SCENARIO I: DANCIN’ IN HEAVEN // new works by DANIELLE CAMPBELL, FIDENCIO MARTINEZ, DAIN MERGENTHALER, and GONZALO REYES RODRIGUEZ
@ ACRE Projects
1345 W 19th St Chicago, IL
Opening Friday, March 4th, from 6PM - 9PM
On view through Sunday, March 27th
I was standing in my living room talking with my roommate when we found ourselves characters in an unexpected drama. He was mid-sentence, “After we talk I am going to attend to…” Then a loud boom sounded form the northwest. “…that.” We ran to the back window and saw an enormous cloud of smoke pouring off the roof of a silo we assumed was abandoned and drifting over the Stevenson Expressway. Everyone in our block was looking out their back windows shouting and pointing. My roommate joked that maybe Michael Bay was in town. We found out a few days later that that was exactly the case, and that the explosion was for the filming of Transformers 4.

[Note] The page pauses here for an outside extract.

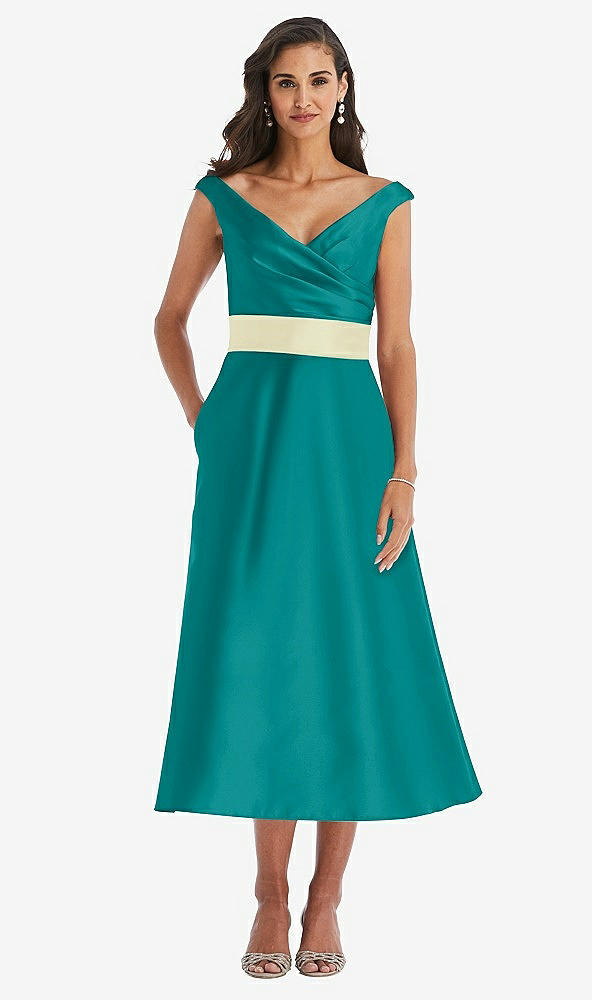 Front View - Jade & Butter Yellow Off-the-Shoulder Draped Wrap Satin Midi Dress with Pockets
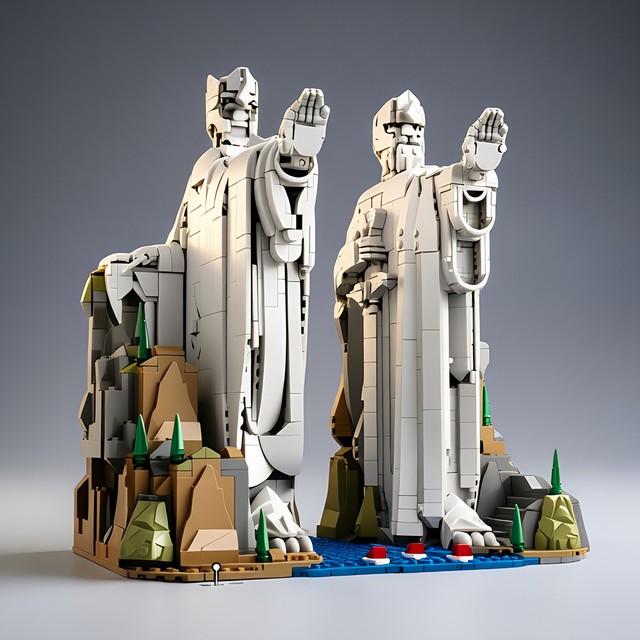 중세 스타일 홈 데코 MOC DIY 아르고나트 군주 거대한 왕상 창의적인 모델 빌딩 블록 브릭 장난감 선물 컬렉션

For a brief moment our neighborhood was turned into fictional setting. Because the situation was so cinematically and theatrically timed (and because it actually was a movie shoot), we were simultaneously in a movie and in real life, performing our curiosity, excitement, and confusion. The thin veneer of the back wall and windows of my block’s building even resembled a stage set or a matte painting in a film – a dense, active world in low relief.
The work in this show presents subjects performing the relationship between themselves and their surroundings, and in the process challenging the distinction between the real and the imagined. Fictitious characters re-perform text from real life to create a altogether new reality. Maps create a setting out of the earth’s surface, manifesting invisible boarders with real, political consequences for the players who traverse them. The fantastical is inserted into the everyday, and the everyday finds itself in fantastical worlds.
This exhibition is part of a series; stay tuned for Scenario II in July 2016.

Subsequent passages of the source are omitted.